■ WORK TO BE COMPLETED
Your task is to restate word for word the lines in the material below, from the one with "doorway with dark" up to and including the one with "Un dormitorio con". Do not carry over the pictures.

■ SUPPLIED INFORMATION
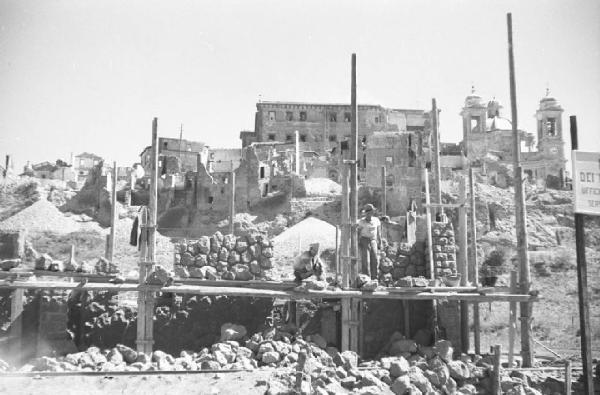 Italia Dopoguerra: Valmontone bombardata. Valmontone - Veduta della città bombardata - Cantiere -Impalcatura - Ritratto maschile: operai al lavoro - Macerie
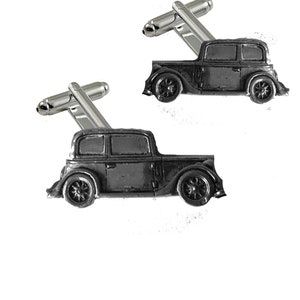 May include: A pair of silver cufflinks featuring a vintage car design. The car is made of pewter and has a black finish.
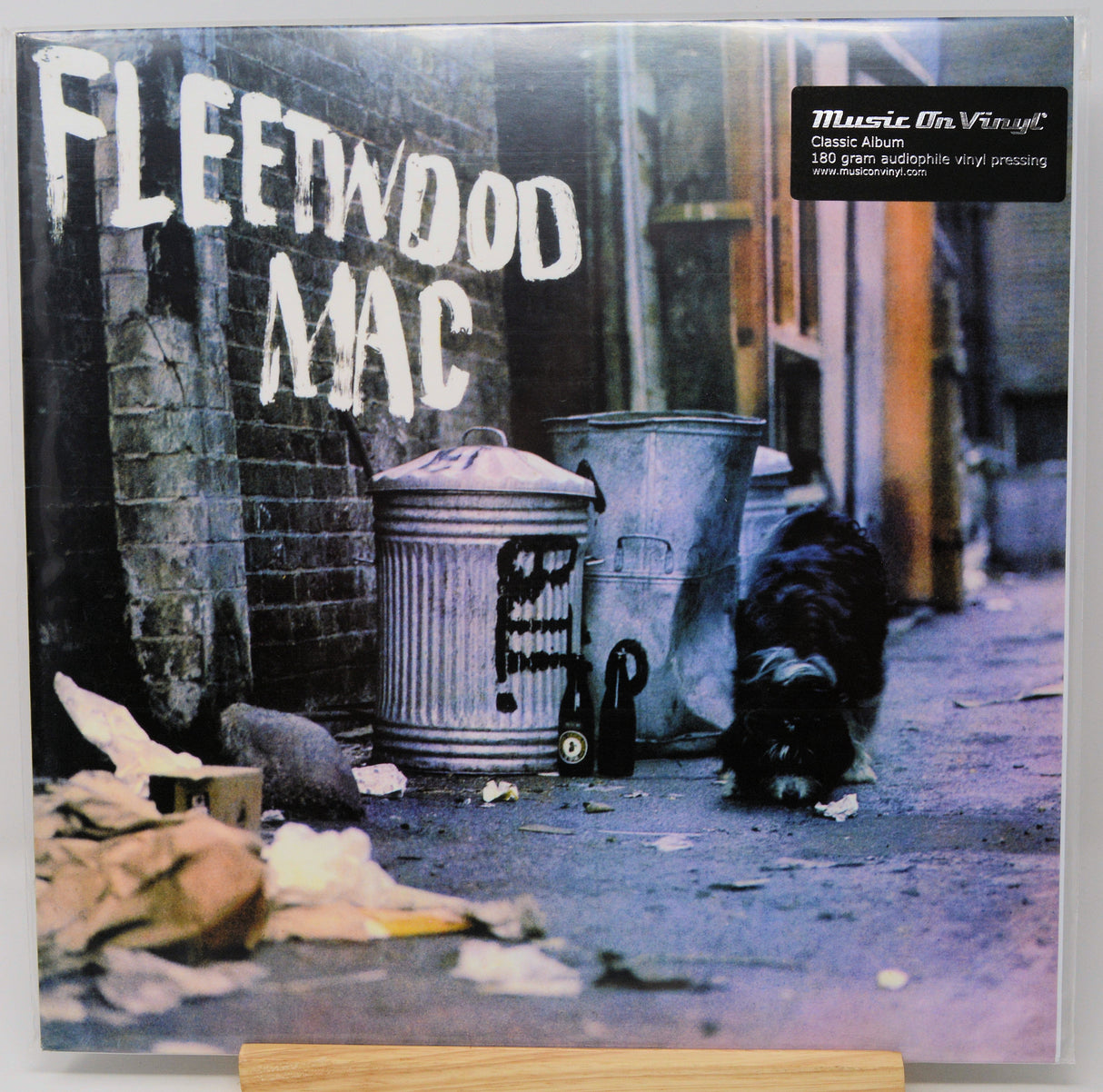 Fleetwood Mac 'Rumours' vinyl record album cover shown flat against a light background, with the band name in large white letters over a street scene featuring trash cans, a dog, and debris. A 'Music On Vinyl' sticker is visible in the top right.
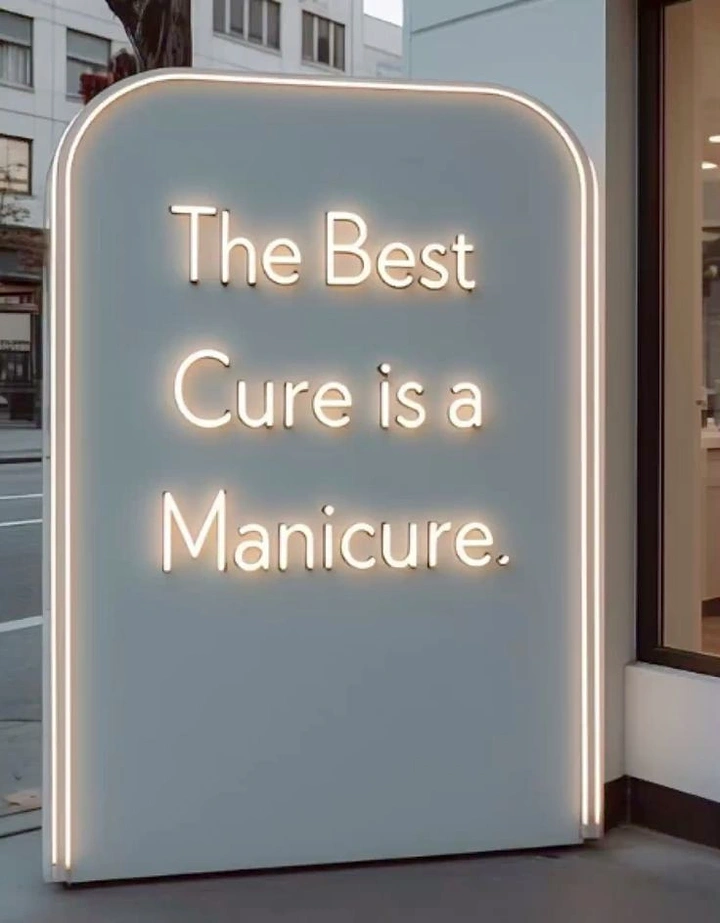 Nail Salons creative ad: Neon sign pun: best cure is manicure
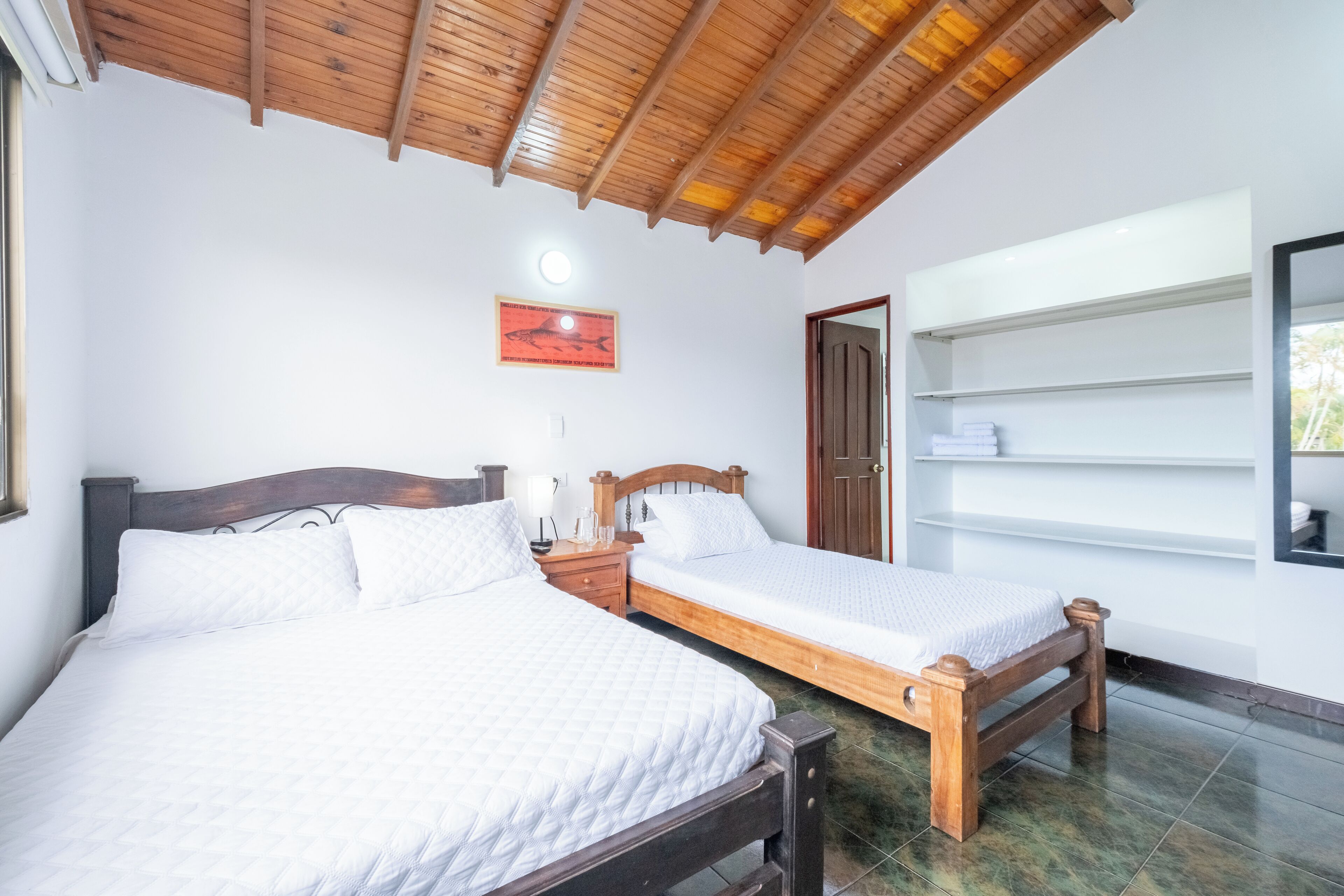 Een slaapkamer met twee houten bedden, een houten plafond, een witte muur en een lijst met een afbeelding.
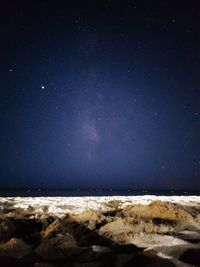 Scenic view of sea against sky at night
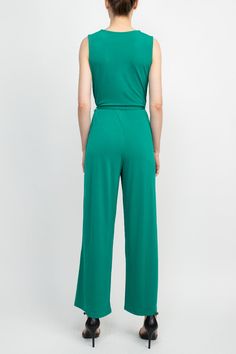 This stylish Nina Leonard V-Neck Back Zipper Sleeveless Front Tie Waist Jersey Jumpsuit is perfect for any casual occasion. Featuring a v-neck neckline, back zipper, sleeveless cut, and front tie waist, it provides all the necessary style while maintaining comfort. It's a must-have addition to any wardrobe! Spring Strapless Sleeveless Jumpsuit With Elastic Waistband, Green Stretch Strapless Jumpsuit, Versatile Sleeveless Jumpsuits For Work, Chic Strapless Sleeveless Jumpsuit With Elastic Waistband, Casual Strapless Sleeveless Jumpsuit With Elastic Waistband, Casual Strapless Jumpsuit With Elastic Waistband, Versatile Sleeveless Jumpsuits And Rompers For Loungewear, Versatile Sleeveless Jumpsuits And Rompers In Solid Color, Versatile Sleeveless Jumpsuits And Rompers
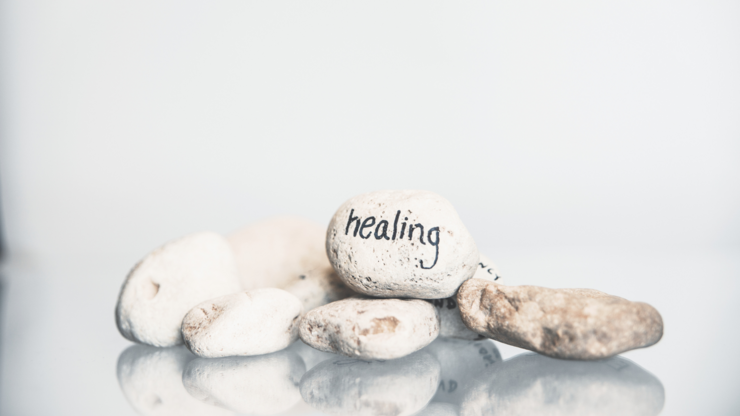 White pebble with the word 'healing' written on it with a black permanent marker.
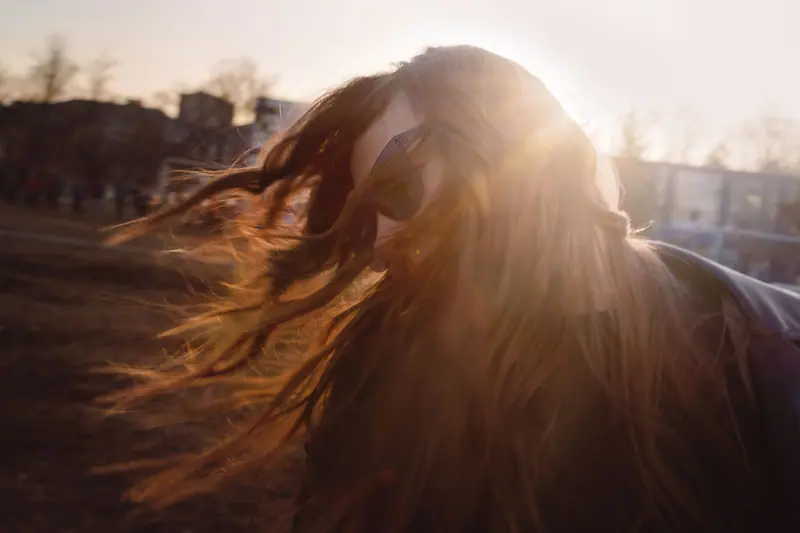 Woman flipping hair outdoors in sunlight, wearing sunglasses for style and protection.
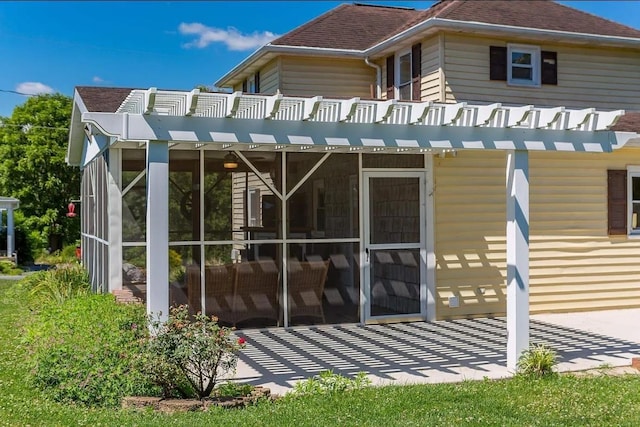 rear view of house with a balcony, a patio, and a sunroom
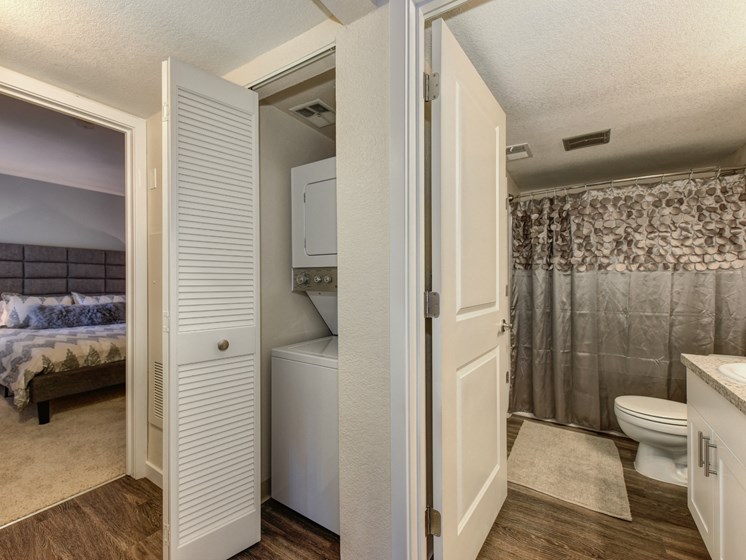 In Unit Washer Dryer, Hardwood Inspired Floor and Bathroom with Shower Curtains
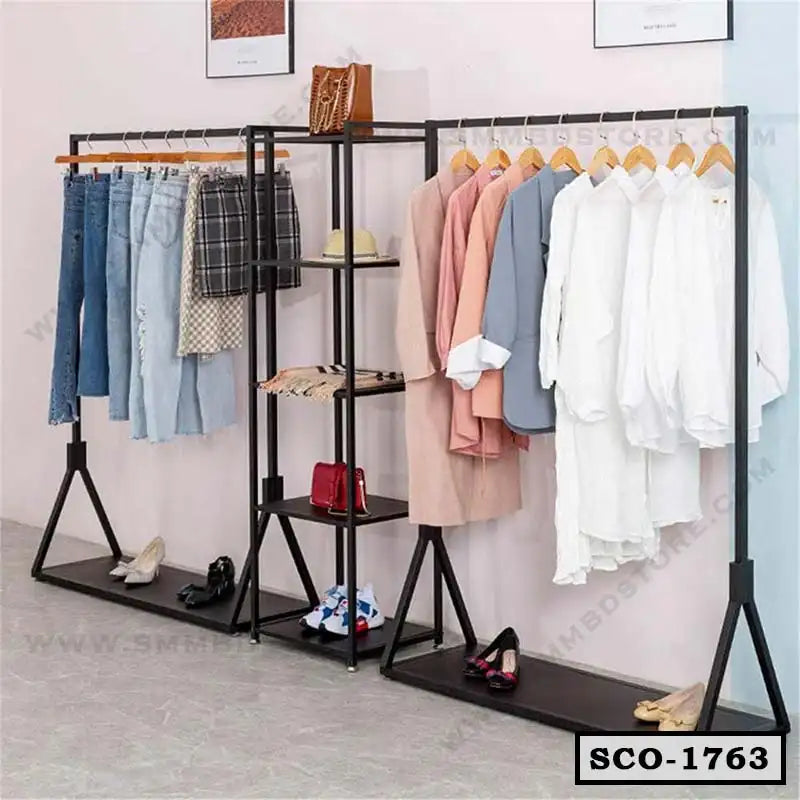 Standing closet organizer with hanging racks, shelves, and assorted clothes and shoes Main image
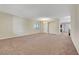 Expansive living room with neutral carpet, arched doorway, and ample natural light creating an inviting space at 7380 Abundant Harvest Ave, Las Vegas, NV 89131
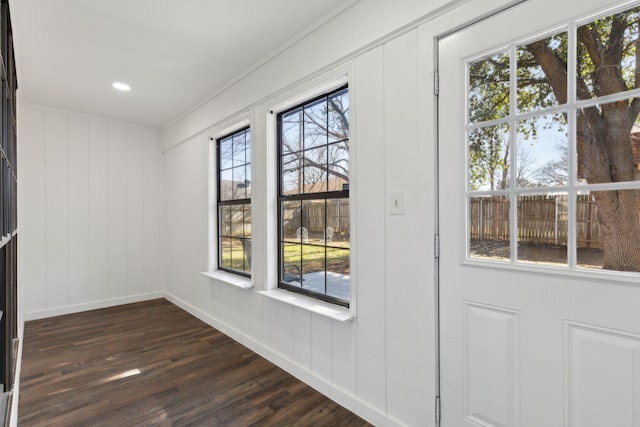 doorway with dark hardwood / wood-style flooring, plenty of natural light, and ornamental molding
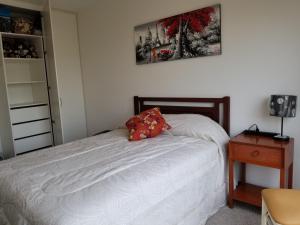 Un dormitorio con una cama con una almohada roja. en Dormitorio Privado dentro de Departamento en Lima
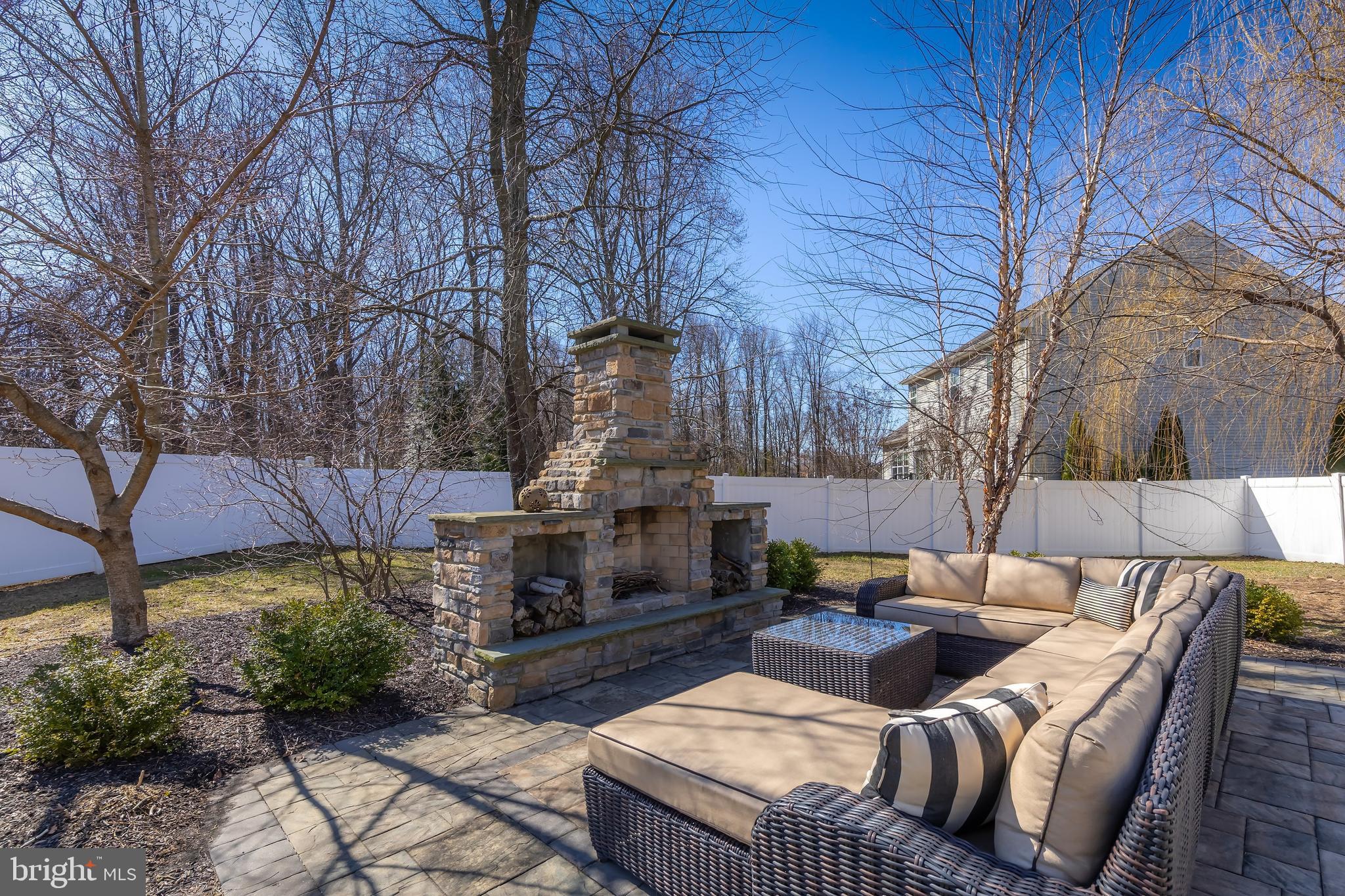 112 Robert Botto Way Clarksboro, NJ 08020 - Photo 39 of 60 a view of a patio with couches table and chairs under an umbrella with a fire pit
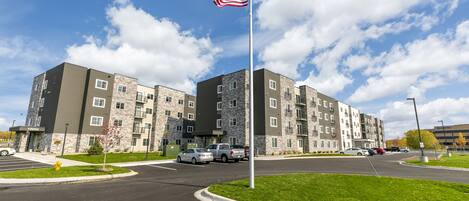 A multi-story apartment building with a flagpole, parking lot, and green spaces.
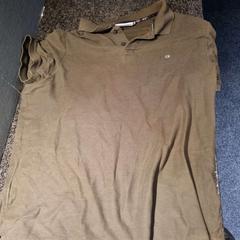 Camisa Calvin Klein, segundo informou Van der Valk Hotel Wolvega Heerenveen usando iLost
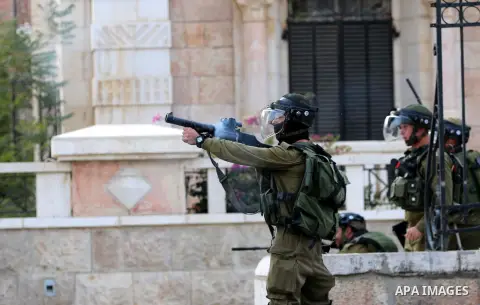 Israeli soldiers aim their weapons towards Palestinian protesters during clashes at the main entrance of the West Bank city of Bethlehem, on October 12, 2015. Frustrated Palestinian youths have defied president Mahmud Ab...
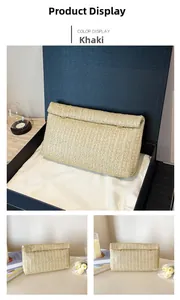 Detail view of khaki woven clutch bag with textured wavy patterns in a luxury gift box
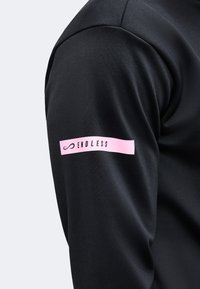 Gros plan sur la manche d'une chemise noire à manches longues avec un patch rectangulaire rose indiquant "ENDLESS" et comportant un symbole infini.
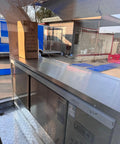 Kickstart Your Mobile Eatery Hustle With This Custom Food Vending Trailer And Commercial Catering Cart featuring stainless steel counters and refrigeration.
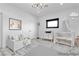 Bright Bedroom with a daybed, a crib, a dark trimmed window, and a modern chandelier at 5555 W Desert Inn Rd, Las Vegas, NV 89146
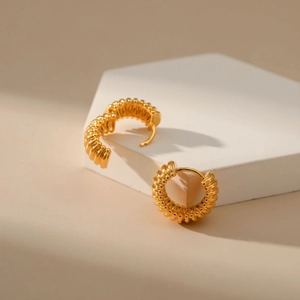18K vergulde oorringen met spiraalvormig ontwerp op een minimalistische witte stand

■ WRITTEN RESPONSE
 doorway with dark hardwood / wood-style flooring, plenty of natural light, and ornamental molding
 Un dormitorio con una cama con una almohada roja. en Dormitorio Privado dentro de Departamento en Lima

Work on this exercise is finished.